Sciences humaines: L'identité moderne se caractérise par ce que vous appelez « l'éthique de l'authenticité » et «l'affirmation de la vie ordinaire ». Quels en sont les enjeux philosophiques et les significations ?
Charles Taylor : Dans l'éthique traditionnelle de l'existence, prônée par Aristote, la vie matérielle a seulement une importance infrastructurelle. Pour lui, une vie qui se consacrerait uniquement aux choses matérielles est une vie d'esclave ou d'animal. Dans Le Politique, Aristote soutient qu'une « vie bonne », proprement humaine, ne se réduit pas à la survie. Elle suppose la perfection morale, la contemplation et la participation du citoyen à la vie de la cité.
Avec le protestantisme apparaît une conception moderne de la vie. Inspirée par la culture chrétienne, elle valorise au contraire la vie ordinaire. Il faut vivre humblement, dans la piété et dans la crainte de Dieu. La vie doit s'accomplir dans le mariage et les devoirs sociaux. Je propose le terme technique de « vie ordinaire » pour désigner les aspects de l'existence humaine qui se rattachent à la production et à la reproduction, c'est-à-dire le travail, la fabrication des biens nécessaires à la vie, notre vie en tant qu'êtres sexuels - y compris le mariage, la famille, la vie sentimentale.

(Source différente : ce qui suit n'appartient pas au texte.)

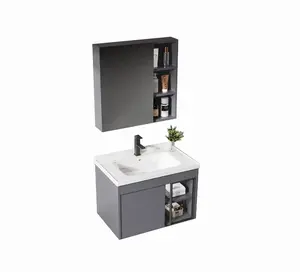 2023 nuovo design 600mm set da bagno a parete mobiletto da bagno in alluminio grigio con lavabo in ceramica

A cet égard, la relation hommes/ femmes a une importance capitale. Je crois que l'affirmation de la vie ordinaire est devenue l'une des idées les plus puissantes de la civilisation moderne. La vision « bourgeoise» de la vie, préoccupée du bien-être, tout comme la vision marxiste, qui valorise l'homme producteur, participent de cette valorisation de la vie ordinaire.
Un autre axe de la conception moderne de la vie est lié au thème de l'authenticité: chaque être humain a sa propre façon d'être, recherche une forme de vie qui soit la sienne. Je dois puiser à l'intérieur de moi-même les sources morales de mon existence. Quelque chose dans la nature de mon expérience à moi-même semble rendre presque irrésistible, incontestable, une telle localisation.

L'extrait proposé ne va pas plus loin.